Yieldbot Becomes Profitable, Focuses On Mobile Location Targeting

First-party data from search or social and Web properties that tell brands how consumers interact on publisher sites continues to prove its worth, but having the ability to act on the data in real-time has enabled one three-year old startup to drive more than 150% growth in 2015, compared with the previous year.

Yieldbot saw its first profitable quarter in the fourth quarter of 2015, says Jonathan Mendez, Yieldbot CEO. Overall, the company has seen nearly 1,650% growth since 2013, its first full year of revenue. It has accomplished this in part by addressing the need for people to search and discover.

The company reached profitability by increasing visibility for advertisers to know where they buy ad placements, header bidding, programmatic media buying, cross-device technology, cookie-less technology to target real-time consumer intent across all device types, and a host of other strategies.

Growth in its mobile business outpaced overall advancements. Mobile revenue grew 350% in 2015, making up 55% of revenue. Growth extended across numerous market segments such as health care, consumer product goods, retail, finance, technology, entertainment, all growing more than 100% year-over-year for the company. Always-on campaigns grew to 56% of total revenue, up from 37% in 2014.

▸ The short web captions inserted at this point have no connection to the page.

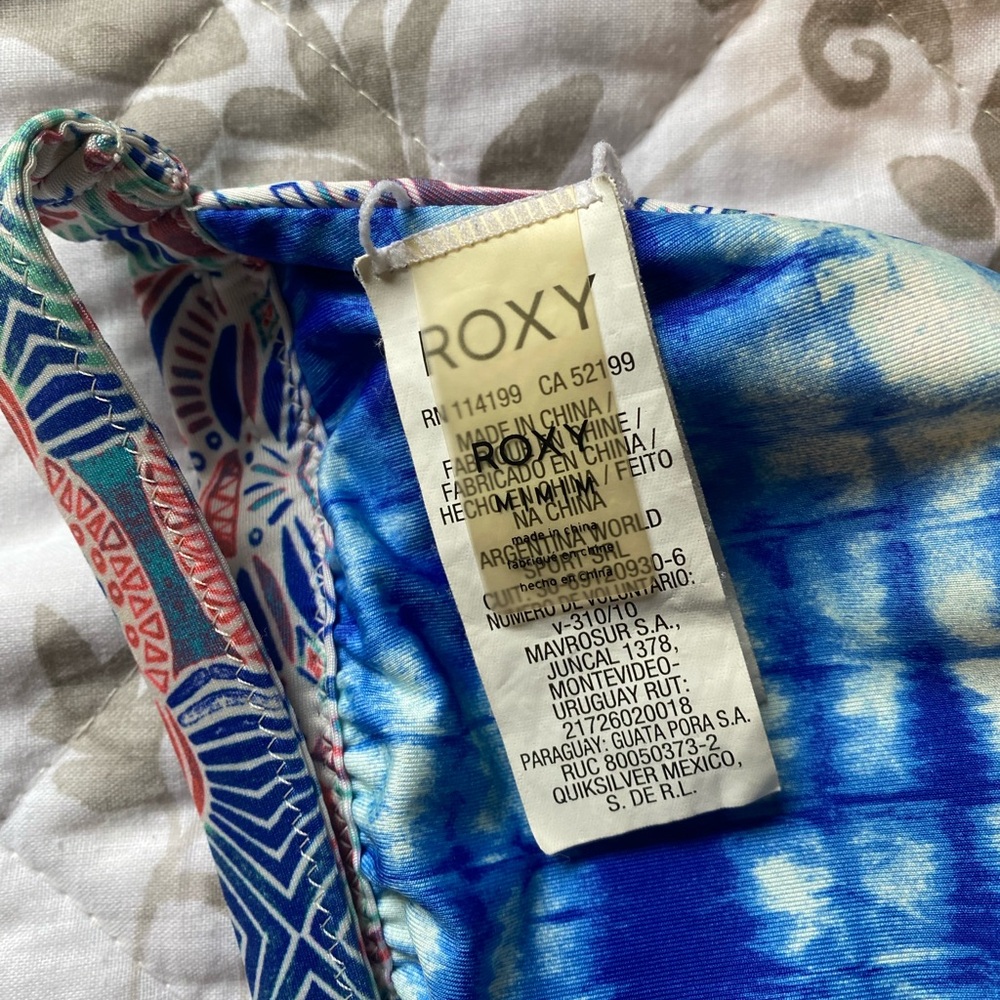 Roxy Reversible Pattern Bikini - Picture 4 of 5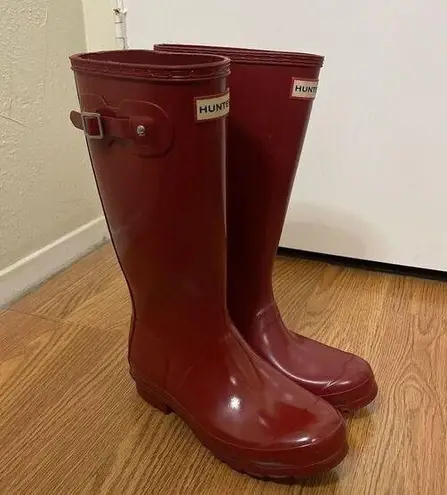 Hunter  Red Tall Rubber Glossy Rain boots winter boots size US 6 women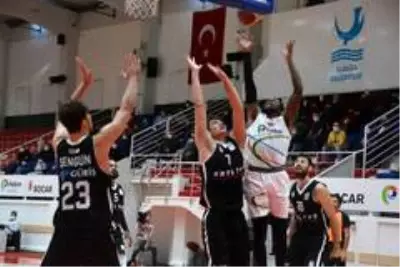 Basketbol Süper Ligi: Aliağa Petkim Spor: 82 - Beşiktaş : 72 Basketbol Süper Ligi: Aliağa Petkim Spor: 82 - Beşiktaş : 72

The goal of the technology is to understand consumer intent wherever it occurs, Mendez says.

Now the company is working on integrating household location data across devices -- anonymized and cookie-less -- to bring a new set of marketing and targeted messages to consumers, which will mostly benefit shopper marketing. "We feel the missing pieces revolve around location and mobile," Mendez says. "I'm in New York now, but I live in New Jersey. So if I'm geo-targeted here, it limits the possibilities of receiving relevant information."

In 2015, growth was strong across all three Yieldbot segments: display, search and shopper marketers. The display business rose 332%, search grew by 53%, and the company's Shopper Marketing business increased by 224%.

Based on data from a diverse set of advertisers, programmatic display spend rose 29% YoY in in Q4 2015, up from 7% in Q3 2015, per IgnitionOne. Impressions rose 10% in the quarter, partly due to strong programmatic success in the finance and retail verticals, among IgnitionOne clients.

Compared with the third quarter of 2015, programmatic display metrics rose with the exception that click-through rates fell 2%. Impressions and spend saw the biggest growth sequentially in Q4, 18% and 30%, respectively, which is consistent with seasonal trends.